__Supplied information__:
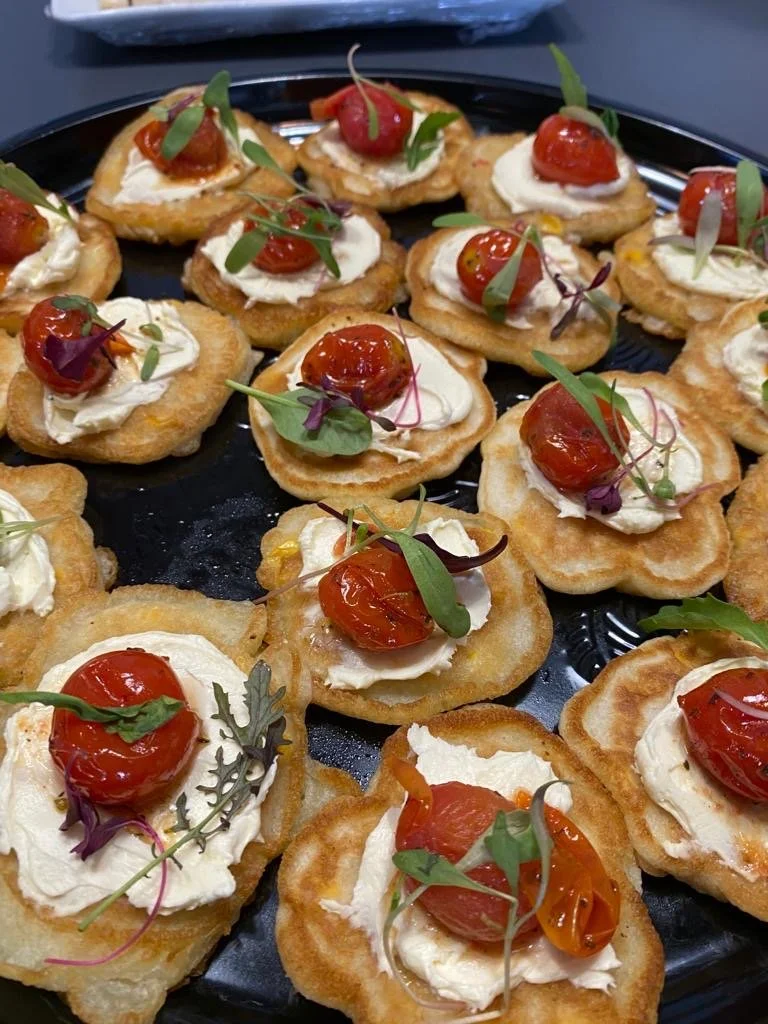 Mini toasted bread slices topped with cream cheese, cherry tomatoes, and microgreens, arranged on a black tray.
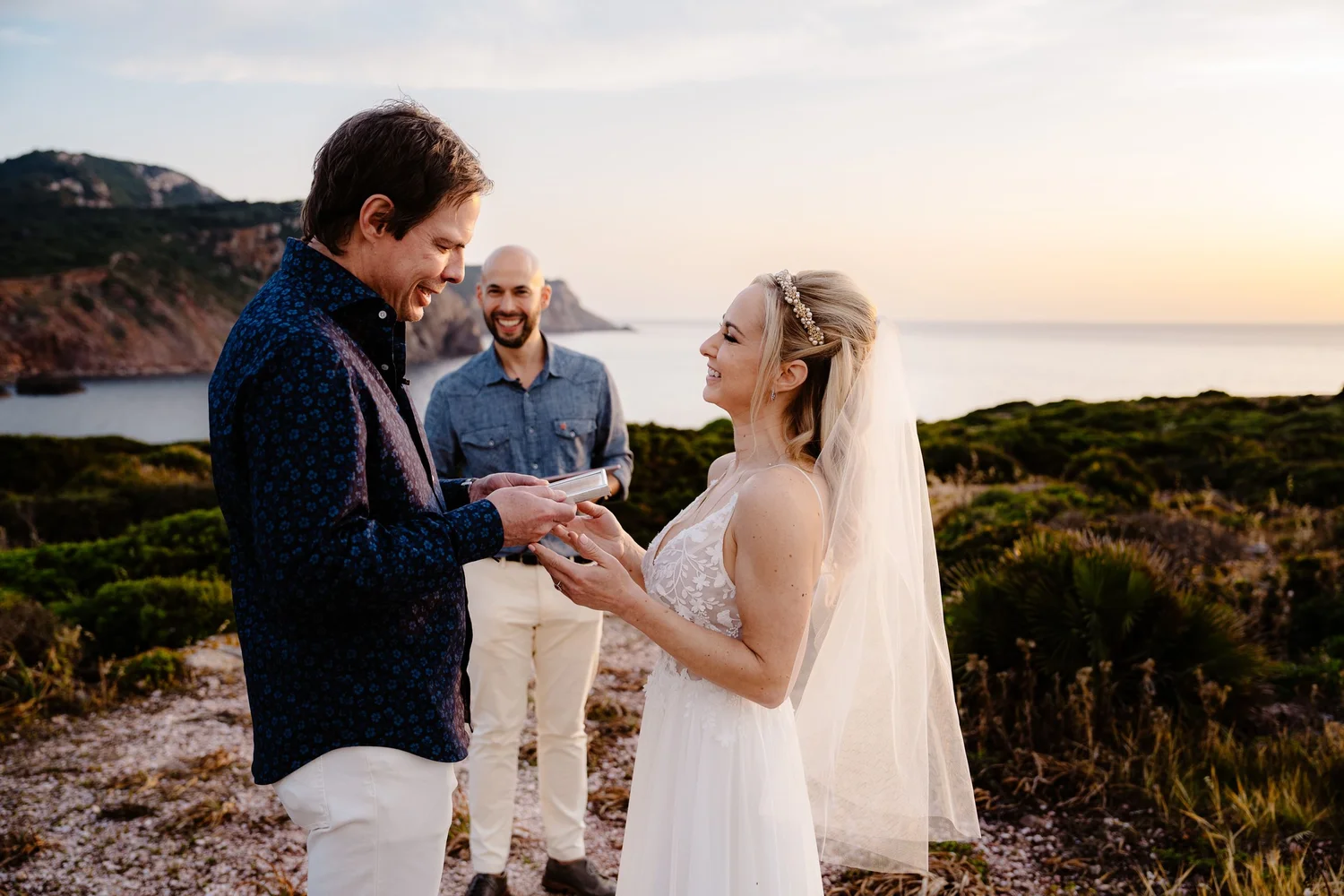 A wedding ceremony outdoors at sunset with a bride and groom exchanging rings, accompanied by a man standing behind them, in front of a scenic coastal landscape with cliffs and water.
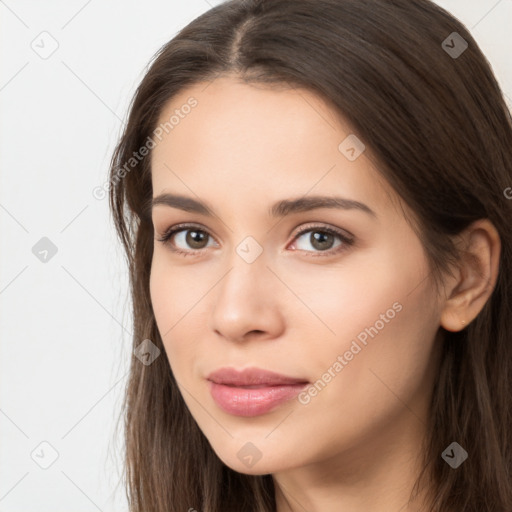 Neutral white young-adult female with long  brown hair and brown eyes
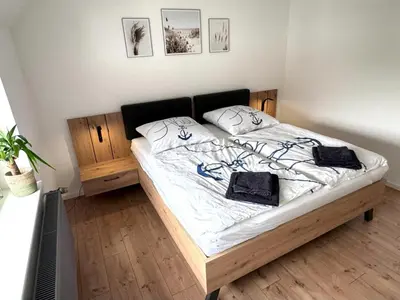 Ein Bett oder Betten in einem Zimmer der Unterkunft Große Ferienwohnung in Ostseenähe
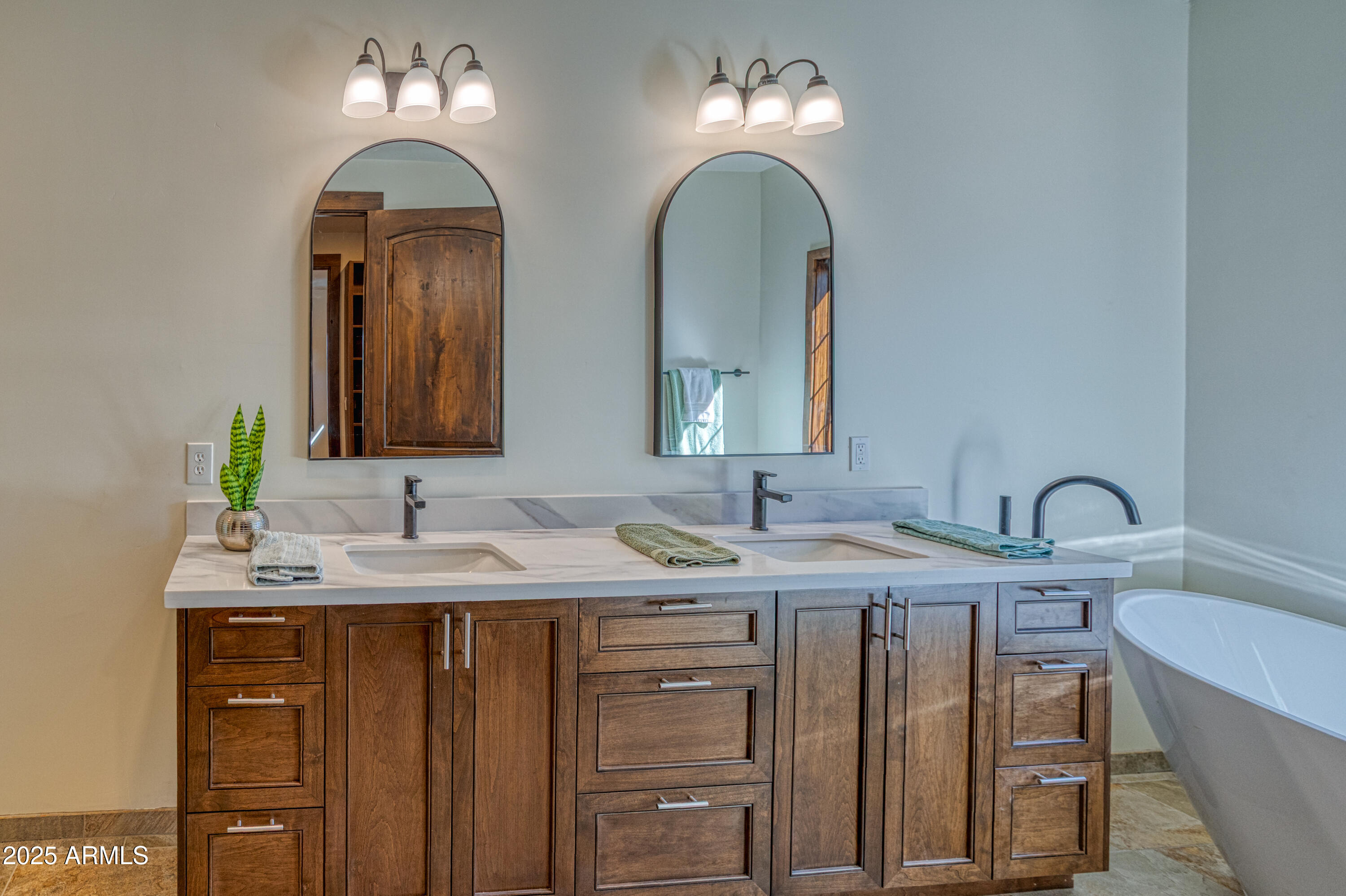 957 Cheney Ranch Loop Show Low, AZ 85901 - Photo 18 of 32 a bathroom with double vanity sinks a vanity and a mirror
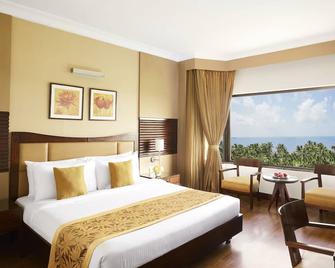 더 리트리트 호텔 & 컨벤션 센터 - 뭄바이 - 침실
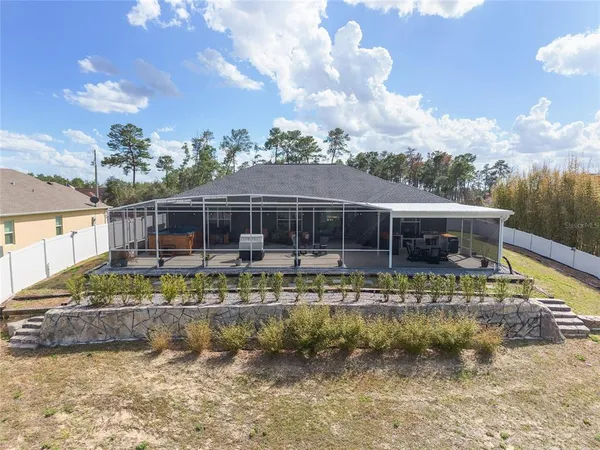 a view of house with swimming pool and lake view
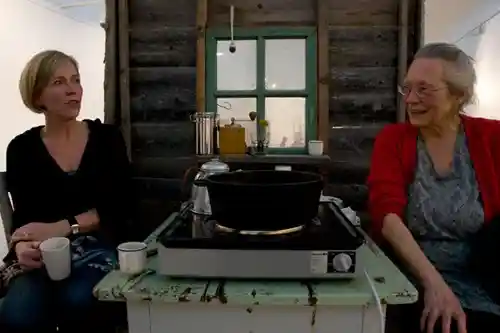 Two women sitting inside a rustic cabin setting, sharing a moment over coffee, with a stovetop and window visible in the background.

__Task to carry out__: The answer must consist solely of the lines from the one with "Ein Bett oder" through the final line of the data, each reproduced exactly and with pictures omitted.

__Result of this task__:
 Ein Bett oder Betten in einem Zimmer der Unterkunft Große Ferienwohnung in Ostseenähe
 957 Cheney Ranch Loop Show Low, AZ 85901 - Photo 18 of 32 a bathroom with double vanity sinks a vanity and a mirror
 더 리트리트 호텔 & 컨벤션 센터 - 뭄바이 - 침실
 a view of house with swimming pool and lake view
 Two women sitting inside a rustic cabin setting, sharing a moment over coffee, with a stovetop and window visible in the background.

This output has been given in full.